It was with pleasure I greeted the part-time barman from my Falmouth local, The
Oddfellows, on the start of his globe-trotting. I met him in Bangkok somewhat
hungover, him not me, after three days at KohSan Road, a popular area for
backpackers, and we headed off for a trip round the north.
First stop was Kanchanaburi, best known for the ‘Bridge over
the River Kwai’, a trip up to the death railway museum at Hell Fire Pass. This
museum is run by the Australians and is a place I have taken my children and
grandchildren to, so they know what tragedy went on here during WWII. On up to
Three Pagoda Pass where the long-removed railway crossed into Burma completed a
quick taste of that beautiful valley with its sad history.
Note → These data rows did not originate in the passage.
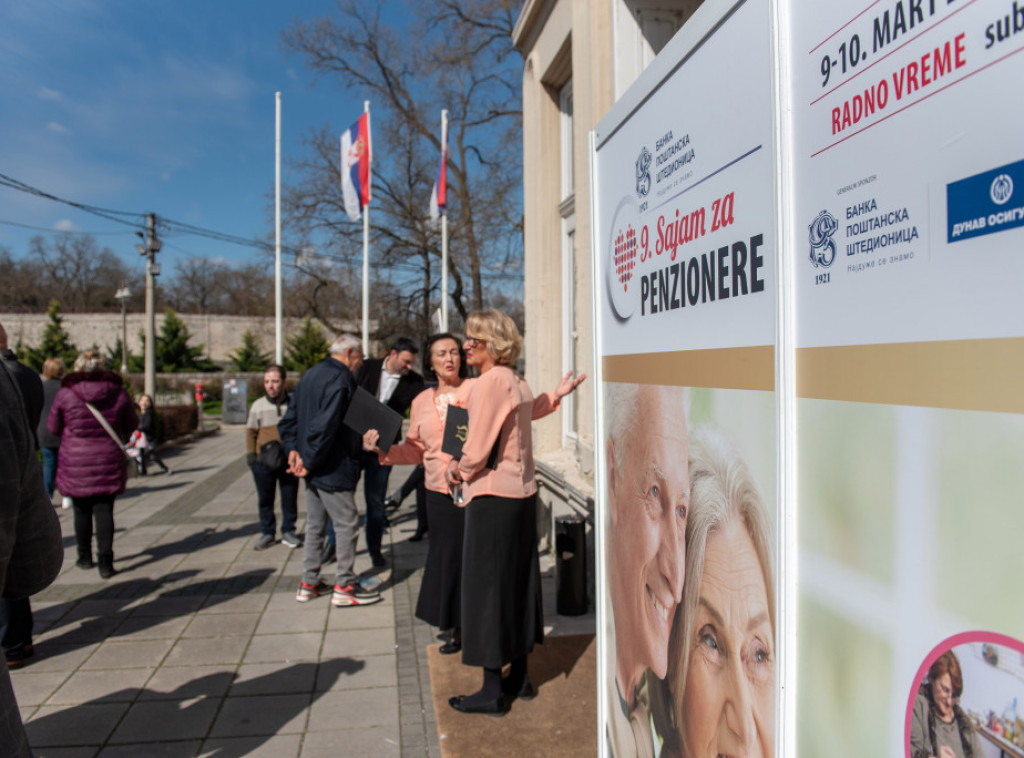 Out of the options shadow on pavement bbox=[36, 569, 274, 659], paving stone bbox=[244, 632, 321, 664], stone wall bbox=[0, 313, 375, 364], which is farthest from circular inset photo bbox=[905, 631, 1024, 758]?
stone wall bbox=[0, 313, 375, 364]

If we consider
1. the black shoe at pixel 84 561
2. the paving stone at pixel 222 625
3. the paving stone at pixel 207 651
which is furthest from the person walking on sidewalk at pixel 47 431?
the paving stone at pixel 207 651

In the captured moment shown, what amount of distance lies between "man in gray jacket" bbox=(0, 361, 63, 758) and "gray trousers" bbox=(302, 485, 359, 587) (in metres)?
2.71

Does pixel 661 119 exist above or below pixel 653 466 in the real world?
above

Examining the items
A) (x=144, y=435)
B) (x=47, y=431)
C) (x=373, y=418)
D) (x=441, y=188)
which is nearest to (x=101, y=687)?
(x=373, y=418)

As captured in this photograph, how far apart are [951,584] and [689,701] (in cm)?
95

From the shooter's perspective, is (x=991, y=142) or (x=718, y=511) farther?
(x=718, y=511)

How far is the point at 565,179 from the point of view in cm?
709

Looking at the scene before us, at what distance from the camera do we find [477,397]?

On then to Uthai Thani and its breathtaking crystal temple
before an overnight in Nakon Sawan a city on a nice river with the usual temple
up on a hill overlooking the area.
Next day found us in Umpang a large village near Thailand's
largest waterfall, Thi Lo Su, we had planned to visit it but it is only
accessible by local pick-ups and is a very bumpy, spine compressing 38
kilometre ride over unmade deep rutted tracks. The ride is followed by a
sweltering two kilometre walk through the jungle which I had done before but
the drivers now insisted on £40 a head from £10 a load a few years ago. My
friend was on a budget so we left it until another time. The drive up to Umpang
through the mountains was worth doing anyway with its fantastic views and 1219
bends spread over fifty miles at high elevation. There are a couple of great
waterfalls to visit en route with the added bonus of them being free entry so
my guest George got to get wet anyway, something that would have woken him up
nicely when I collected him in Bangkok.
Back down the switchback put us back on the road North. I
was aiming to get us to the top north west town of Mae Hong Son for the
celebration of Loy Khratong, a festival of lanterns set off into the sky and
floating candles on the lake in the centre of the town. I knew it was a three-day
drive taking it easy and was looking forwards to taking in the flower mountain
bedecked with wild sunflowers on the way. Our next night was spent in the
middle of nowhere in a road side resort I'd used many times as apart from being
clean, comfortable and quiet, it was opposite a lakeside restaurant. Both
places being rural were nicely within my friend’s budget. A visit to a cave the
next morning which I'd been to but never entered got us both muddy and wet as
the water flowing in caught us both out. It didn't go in far and the water
disappeared under a huge rock fall so, sensibly for us, we retreated to the
sunshine to clean up and dry off a bit still laughing at my taking a step into
the stream which I judged to be less than a foot deep but was in fact closer to
three, I leave you to imagine what happened next.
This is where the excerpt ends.